━━━━━ The input

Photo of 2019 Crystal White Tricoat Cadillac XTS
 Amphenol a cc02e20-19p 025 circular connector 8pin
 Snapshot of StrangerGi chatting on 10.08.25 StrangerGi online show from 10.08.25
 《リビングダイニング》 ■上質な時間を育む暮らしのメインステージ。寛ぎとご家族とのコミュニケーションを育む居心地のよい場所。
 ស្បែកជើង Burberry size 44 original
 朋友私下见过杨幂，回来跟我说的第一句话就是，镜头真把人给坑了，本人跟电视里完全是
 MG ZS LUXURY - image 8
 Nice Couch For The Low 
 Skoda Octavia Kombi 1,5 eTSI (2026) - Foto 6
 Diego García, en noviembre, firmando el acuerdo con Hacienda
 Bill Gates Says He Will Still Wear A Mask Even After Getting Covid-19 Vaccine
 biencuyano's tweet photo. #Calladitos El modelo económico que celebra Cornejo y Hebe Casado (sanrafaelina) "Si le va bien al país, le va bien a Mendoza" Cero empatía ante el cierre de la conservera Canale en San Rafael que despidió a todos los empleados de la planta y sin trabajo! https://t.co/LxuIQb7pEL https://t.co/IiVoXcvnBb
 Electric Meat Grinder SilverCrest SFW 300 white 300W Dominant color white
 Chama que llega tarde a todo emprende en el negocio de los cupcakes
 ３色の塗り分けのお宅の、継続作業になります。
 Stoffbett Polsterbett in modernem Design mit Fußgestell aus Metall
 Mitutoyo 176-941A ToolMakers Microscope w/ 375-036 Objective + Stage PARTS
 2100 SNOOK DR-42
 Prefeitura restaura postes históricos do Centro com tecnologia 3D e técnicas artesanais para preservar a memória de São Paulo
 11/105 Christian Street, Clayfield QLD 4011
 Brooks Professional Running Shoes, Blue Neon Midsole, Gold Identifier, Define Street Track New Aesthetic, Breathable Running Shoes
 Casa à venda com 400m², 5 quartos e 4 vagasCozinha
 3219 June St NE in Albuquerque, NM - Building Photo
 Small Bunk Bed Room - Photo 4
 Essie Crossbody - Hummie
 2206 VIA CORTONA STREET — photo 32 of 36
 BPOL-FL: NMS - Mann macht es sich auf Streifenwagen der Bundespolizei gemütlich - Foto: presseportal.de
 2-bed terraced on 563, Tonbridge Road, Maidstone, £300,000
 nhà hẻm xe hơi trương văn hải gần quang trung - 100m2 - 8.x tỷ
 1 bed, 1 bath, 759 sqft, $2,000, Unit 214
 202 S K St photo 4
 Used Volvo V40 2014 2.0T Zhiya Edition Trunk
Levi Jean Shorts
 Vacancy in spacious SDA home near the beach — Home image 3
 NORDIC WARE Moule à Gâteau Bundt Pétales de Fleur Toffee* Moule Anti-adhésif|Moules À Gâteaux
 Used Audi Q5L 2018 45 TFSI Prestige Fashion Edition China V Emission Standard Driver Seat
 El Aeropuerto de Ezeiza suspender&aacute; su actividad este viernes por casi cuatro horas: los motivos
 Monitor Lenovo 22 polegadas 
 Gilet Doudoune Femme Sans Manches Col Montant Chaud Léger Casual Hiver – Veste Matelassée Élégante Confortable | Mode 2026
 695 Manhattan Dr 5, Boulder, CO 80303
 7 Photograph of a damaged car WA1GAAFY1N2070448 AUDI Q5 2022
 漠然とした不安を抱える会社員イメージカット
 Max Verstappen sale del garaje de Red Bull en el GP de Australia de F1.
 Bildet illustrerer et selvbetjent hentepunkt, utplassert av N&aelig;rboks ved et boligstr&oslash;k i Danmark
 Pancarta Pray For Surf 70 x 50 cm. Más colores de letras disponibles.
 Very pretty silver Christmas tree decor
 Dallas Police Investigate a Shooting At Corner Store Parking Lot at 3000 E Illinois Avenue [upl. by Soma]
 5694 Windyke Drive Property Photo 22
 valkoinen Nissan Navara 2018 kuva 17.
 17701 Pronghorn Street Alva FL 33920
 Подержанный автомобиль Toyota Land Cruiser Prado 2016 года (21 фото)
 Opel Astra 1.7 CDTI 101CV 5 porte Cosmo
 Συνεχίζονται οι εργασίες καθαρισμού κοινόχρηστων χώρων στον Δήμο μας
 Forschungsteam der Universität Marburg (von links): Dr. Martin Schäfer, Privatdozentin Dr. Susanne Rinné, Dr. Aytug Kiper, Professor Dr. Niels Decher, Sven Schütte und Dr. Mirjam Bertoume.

━━━━━━━━━━

About this exercise: Return each line of the data that contains the string "Foto".

Output for this exercise:
 Skoda Octavia Kombi 1,5 eTSI (2026) - Foto 6
 BPOL-FL: NMS - Mann macht es sich auf Streifenwagen der Bundespolizei gemütlich - Foto: presseportal.de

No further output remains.